— EXERCISE —
Output exactly the lines below from the one containing "A toy car on" to the last line, both included. Omit pictures.

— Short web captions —
:::::
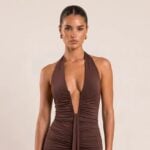 Model wearing a chocolate halterneck maxi dress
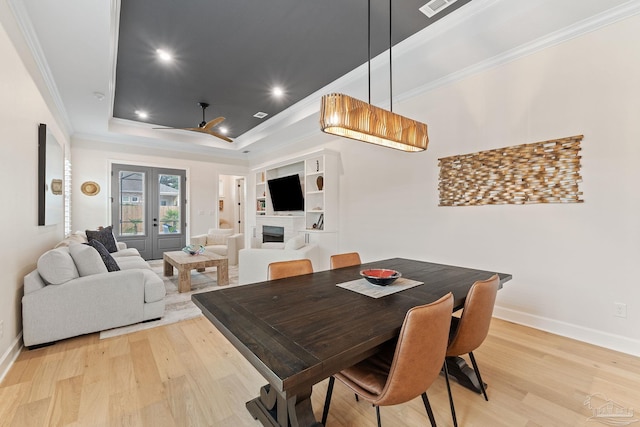 dining space with ornamental molding, a tray ceiling, french doors, and light hardwood / wood-style floors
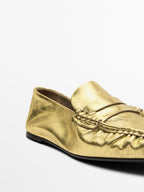 Gold penny loafers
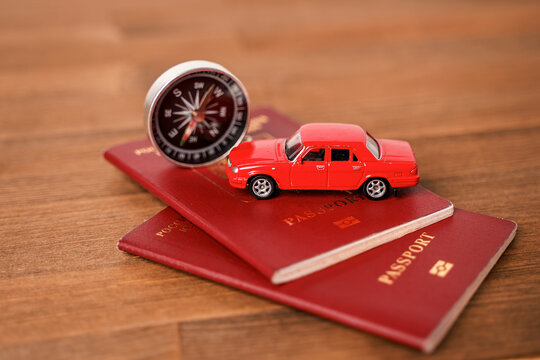 A toy car on foreign passports and a compass. Tourist composition on a wooden table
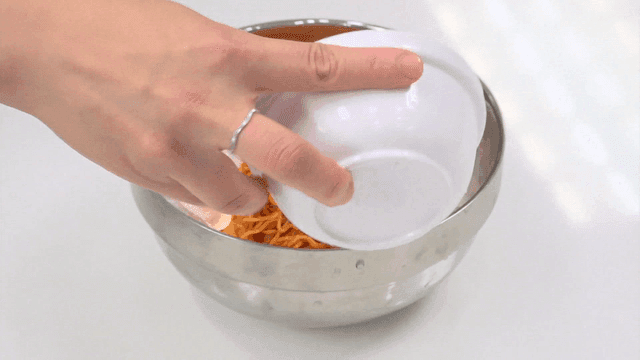 Ice poured over bibim ramyeon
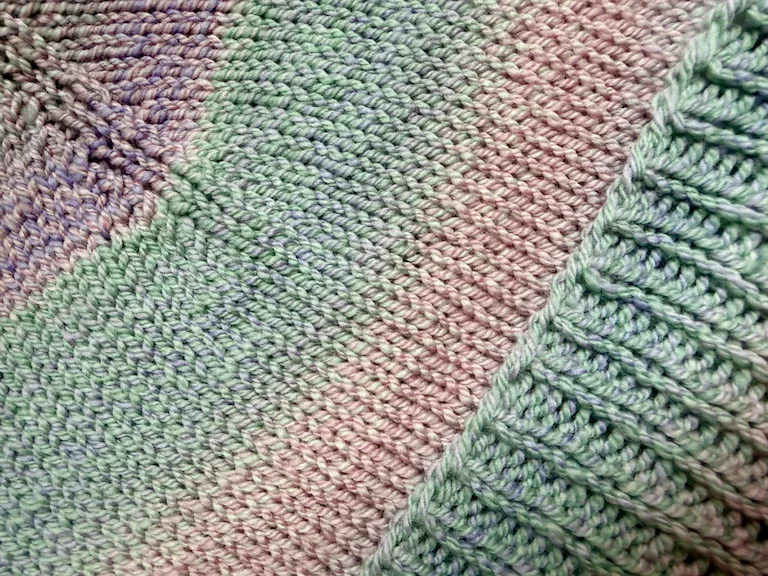 A close up of the hat at angle, such that you can see the purple at the top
:::::
— TASK SOLUTION —
 A toy car on foreign passports and a compass. Tourist composition on a wooden table
 Ice poured over bibim ramyeon
 A close up of the hat at angle, such that you can see the purple at the top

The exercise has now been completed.